What is expected: Take the entries below and print, exactly, the stretch from the line containing "Set de 4 platos" through the line containing "Small team of", both included.

Start of Given entries

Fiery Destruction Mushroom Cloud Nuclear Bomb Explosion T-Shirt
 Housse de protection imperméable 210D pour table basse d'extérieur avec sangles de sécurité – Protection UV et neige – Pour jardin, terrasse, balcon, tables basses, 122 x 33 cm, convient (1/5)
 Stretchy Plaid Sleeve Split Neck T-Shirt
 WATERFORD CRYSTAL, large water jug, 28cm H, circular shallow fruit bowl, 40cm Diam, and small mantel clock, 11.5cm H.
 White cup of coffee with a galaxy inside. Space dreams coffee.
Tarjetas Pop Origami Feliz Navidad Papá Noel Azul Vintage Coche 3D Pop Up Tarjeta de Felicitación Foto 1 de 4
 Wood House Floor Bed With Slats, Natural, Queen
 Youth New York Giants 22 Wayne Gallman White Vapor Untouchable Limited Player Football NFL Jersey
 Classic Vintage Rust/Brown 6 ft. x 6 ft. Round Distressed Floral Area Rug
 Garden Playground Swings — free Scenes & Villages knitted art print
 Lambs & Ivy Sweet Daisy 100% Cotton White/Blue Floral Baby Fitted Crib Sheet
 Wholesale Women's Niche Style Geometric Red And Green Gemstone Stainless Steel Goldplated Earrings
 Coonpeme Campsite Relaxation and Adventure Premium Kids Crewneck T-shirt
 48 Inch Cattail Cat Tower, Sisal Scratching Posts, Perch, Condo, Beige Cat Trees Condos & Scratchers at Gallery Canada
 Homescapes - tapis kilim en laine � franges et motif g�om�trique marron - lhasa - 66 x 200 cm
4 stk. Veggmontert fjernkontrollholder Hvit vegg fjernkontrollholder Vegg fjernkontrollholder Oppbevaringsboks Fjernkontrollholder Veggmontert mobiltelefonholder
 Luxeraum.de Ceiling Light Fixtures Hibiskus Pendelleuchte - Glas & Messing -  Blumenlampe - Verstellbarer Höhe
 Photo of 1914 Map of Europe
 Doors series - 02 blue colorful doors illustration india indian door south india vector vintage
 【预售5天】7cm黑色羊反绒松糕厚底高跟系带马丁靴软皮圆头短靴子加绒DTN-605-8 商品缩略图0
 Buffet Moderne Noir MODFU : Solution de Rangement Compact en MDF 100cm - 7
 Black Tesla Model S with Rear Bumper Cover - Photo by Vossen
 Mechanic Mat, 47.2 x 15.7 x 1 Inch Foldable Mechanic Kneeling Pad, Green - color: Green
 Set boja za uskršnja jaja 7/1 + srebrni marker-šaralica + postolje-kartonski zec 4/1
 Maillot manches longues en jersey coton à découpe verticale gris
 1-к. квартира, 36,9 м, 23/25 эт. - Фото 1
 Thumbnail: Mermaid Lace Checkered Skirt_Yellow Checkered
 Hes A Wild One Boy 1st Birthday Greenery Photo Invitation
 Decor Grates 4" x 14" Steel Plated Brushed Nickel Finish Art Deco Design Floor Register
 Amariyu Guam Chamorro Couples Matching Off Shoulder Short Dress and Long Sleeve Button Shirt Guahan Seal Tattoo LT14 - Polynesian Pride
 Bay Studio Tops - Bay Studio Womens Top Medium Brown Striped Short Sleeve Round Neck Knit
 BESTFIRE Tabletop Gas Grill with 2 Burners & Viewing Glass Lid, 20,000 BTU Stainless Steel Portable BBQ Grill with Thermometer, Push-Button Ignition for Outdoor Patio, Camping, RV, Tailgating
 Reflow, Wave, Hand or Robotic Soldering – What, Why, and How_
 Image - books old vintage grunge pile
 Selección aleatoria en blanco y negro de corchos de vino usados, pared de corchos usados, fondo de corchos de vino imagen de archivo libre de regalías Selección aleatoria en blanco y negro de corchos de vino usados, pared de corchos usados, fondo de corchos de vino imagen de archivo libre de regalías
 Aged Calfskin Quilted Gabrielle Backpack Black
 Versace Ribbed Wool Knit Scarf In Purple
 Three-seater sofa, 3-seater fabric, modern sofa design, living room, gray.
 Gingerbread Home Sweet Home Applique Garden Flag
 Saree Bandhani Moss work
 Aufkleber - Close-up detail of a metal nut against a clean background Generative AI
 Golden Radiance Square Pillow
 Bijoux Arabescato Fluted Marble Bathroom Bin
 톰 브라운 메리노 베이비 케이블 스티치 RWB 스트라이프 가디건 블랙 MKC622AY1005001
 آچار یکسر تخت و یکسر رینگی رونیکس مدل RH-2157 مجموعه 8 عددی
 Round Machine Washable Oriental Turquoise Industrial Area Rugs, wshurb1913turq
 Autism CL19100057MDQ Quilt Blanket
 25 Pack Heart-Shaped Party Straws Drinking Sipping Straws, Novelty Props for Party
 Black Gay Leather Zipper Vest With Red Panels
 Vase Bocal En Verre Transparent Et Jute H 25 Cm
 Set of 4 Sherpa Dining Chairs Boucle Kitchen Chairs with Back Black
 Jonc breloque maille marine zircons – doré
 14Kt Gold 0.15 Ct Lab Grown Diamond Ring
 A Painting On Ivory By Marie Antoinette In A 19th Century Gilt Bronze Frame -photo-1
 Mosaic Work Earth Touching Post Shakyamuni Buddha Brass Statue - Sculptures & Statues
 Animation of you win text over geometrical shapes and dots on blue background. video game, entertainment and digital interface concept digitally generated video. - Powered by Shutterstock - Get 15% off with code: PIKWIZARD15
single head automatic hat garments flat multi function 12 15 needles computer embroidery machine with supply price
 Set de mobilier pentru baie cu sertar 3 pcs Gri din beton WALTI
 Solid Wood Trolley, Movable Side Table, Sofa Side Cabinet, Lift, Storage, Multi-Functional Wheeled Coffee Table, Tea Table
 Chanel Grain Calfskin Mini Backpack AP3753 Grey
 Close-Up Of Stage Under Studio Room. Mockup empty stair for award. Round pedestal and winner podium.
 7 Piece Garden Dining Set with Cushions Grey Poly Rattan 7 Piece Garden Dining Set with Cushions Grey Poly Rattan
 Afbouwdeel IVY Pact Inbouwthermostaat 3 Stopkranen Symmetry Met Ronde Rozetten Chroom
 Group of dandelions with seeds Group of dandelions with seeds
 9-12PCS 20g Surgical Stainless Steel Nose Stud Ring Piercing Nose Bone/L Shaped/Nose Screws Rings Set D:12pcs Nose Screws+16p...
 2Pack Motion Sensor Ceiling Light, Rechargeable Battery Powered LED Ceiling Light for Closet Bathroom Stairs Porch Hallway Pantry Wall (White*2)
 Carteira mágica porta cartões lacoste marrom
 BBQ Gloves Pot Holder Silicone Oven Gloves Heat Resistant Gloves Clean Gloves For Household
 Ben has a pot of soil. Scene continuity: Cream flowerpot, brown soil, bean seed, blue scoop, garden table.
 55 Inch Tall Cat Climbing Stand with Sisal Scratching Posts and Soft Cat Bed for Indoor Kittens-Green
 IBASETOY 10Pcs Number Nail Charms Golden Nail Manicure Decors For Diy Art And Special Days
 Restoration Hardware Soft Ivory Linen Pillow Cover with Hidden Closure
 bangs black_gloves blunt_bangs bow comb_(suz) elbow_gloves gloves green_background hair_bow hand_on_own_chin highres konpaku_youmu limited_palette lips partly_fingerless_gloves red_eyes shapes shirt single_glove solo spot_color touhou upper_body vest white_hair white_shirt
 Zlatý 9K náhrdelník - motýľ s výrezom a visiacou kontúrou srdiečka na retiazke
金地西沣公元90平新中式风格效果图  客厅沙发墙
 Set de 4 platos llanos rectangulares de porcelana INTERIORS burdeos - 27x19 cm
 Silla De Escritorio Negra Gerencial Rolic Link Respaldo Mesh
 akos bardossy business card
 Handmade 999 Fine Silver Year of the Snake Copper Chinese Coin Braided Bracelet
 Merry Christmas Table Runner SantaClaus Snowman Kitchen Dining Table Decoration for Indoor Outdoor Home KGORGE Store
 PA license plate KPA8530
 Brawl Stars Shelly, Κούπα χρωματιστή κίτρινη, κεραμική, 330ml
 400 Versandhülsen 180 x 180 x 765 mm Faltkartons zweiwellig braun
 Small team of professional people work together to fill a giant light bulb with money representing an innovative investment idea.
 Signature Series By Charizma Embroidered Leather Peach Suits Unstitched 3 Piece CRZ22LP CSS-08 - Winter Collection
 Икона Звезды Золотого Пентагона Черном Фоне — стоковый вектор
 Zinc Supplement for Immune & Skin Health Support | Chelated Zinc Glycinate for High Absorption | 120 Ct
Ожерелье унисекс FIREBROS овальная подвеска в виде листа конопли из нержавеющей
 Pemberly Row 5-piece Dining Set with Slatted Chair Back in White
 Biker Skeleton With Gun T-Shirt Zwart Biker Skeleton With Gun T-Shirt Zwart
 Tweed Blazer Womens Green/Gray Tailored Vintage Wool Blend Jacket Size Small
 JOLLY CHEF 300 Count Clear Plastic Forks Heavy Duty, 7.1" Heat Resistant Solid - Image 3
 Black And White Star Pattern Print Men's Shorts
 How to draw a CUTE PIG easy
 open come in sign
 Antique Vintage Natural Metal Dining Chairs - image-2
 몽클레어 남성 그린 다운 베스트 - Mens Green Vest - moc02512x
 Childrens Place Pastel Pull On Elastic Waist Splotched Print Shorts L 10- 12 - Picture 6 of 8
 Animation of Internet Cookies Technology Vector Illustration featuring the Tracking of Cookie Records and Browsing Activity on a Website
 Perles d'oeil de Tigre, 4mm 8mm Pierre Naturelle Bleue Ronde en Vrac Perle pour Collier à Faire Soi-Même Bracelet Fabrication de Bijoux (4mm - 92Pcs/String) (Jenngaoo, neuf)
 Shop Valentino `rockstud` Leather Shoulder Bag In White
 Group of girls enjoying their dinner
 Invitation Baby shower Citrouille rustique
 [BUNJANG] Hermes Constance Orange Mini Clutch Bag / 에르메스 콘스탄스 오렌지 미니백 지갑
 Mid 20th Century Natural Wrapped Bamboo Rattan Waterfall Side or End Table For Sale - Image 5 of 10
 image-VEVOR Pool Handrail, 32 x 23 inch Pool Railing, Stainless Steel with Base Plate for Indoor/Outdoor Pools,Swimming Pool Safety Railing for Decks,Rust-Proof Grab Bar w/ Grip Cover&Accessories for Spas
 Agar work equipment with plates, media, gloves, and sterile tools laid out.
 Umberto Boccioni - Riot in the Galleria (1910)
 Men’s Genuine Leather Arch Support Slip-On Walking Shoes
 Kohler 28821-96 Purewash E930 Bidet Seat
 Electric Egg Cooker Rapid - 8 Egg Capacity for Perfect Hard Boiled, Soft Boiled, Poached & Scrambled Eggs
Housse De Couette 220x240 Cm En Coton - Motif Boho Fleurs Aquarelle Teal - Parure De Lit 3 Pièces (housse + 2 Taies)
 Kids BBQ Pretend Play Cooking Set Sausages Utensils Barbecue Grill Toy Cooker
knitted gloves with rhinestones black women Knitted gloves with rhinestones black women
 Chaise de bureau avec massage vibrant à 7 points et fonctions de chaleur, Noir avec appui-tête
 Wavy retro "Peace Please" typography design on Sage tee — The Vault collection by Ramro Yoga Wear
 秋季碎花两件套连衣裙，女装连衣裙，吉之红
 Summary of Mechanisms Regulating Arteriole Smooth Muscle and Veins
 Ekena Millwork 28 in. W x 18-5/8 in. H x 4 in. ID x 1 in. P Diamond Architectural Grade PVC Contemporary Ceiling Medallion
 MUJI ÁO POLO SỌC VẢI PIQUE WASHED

End of Given entries

Your solution:
 Set de 4 platos llanos rectangulares de porcelana INTERIORS burdeos - 27x19 cm
 Silla De Escritorio Negra Gerencial Rolic Link Respaldo Mesh
 akos bardossy business card
 Handmade 999 Fine Silver Year of the Snake Copper Chinese Coin Braided Bracelet
 Merry Christmas Table Runner SantaClaus Snowman Kitchen Dining Table Decoration for Indoor Outdoor Home KGORGE Store
 PA license plate KPA8530
 Brawl Stars Shelly, Κούπα χρωματιστή κίτρινη, κεραμική, 330ml
 400 Versandhülsen 180 x 180 x 765 mm Faltkartons zweiwellig braun
 Small team of professional people work together to fill a giant light bulb with money representing an innovative investment idea.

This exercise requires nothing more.